▶ [TASK STATEMENT]:
When a line in the listing below contains the word "Sofa", return a copy of that line.

[Opening THE RECORDS section]

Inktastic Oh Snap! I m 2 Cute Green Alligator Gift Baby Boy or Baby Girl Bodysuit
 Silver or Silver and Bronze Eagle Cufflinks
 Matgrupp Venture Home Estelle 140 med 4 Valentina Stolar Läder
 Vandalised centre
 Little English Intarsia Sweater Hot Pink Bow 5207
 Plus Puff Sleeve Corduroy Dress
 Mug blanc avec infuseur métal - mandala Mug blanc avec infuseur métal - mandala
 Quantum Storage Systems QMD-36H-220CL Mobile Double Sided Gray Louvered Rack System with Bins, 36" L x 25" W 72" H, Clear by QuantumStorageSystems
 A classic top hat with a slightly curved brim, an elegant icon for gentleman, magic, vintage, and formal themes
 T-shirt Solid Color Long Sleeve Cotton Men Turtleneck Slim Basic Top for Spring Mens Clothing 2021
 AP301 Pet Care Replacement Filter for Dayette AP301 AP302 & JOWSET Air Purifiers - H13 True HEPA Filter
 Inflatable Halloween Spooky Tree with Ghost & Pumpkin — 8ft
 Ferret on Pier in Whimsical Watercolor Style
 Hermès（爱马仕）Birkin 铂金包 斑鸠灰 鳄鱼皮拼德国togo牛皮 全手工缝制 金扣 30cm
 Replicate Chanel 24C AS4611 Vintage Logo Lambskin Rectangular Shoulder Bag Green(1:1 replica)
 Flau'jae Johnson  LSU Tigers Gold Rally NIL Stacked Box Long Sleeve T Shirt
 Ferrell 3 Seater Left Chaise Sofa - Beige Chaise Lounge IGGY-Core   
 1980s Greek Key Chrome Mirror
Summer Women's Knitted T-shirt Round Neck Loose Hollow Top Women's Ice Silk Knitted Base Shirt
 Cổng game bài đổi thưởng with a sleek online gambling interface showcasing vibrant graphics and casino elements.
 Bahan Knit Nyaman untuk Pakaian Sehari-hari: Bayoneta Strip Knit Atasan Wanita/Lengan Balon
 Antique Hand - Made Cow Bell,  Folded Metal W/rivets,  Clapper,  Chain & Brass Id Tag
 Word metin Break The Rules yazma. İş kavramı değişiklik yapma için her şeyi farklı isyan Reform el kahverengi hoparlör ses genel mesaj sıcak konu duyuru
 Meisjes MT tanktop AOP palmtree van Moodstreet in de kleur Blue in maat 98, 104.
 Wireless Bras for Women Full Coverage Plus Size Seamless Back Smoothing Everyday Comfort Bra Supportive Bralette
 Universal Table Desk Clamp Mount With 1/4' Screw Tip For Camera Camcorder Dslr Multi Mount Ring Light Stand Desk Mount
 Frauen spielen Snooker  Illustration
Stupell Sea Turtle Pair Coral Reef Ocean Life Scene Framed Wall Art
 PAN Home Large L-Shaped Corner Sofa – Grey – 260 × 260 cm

[Closing THE RECORDS section]

▶ [RESPONSE BELOW]:
 Ferrell 3 Seater Left Chaise Sofa - Beige Chaise Lounge IGGY-Core   
 PAN Home Large L-Shaped Corner Sofa – Grey – 260 × 260 cm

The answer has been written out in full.